====== Provided records ======

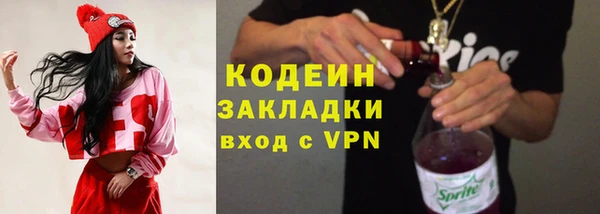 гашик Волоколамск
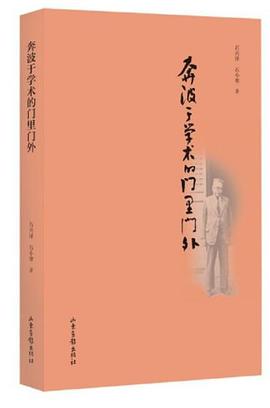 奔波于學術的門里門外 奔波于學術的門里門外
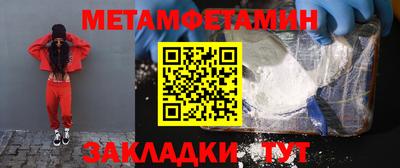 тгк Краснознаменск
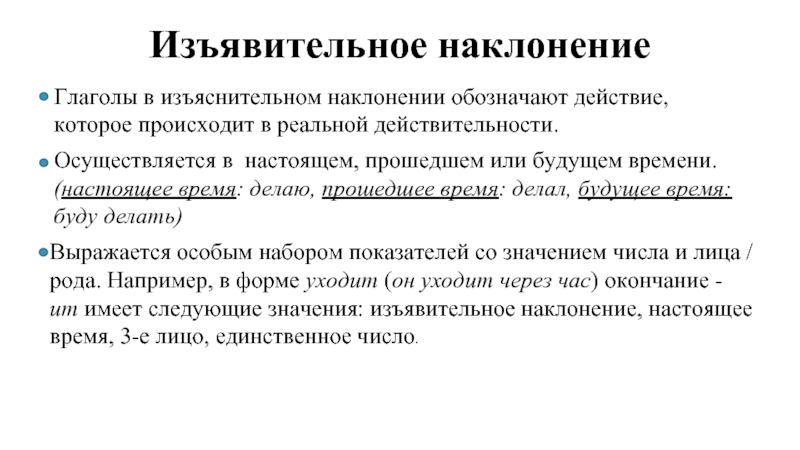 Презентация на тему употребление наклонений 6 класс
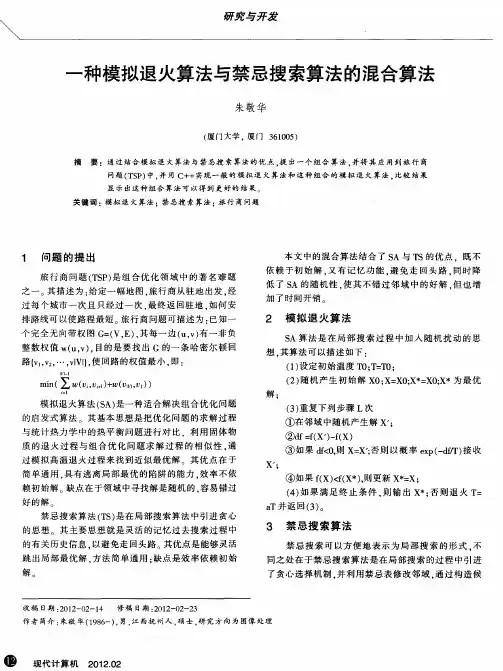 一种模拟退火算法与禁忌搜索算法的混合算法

======

* Task
The listing is to be repeated exactly, with its pictures removed.

* Solution for this task
 гашик Волоколамск
 奔波于學術的門里門外 奔波于學術的門里門外
 тгк Краснознаменск
 Презентация на тему употребление наклонений 6 класс
 一种模拟退火算法与禁忌搜索算法的混合算法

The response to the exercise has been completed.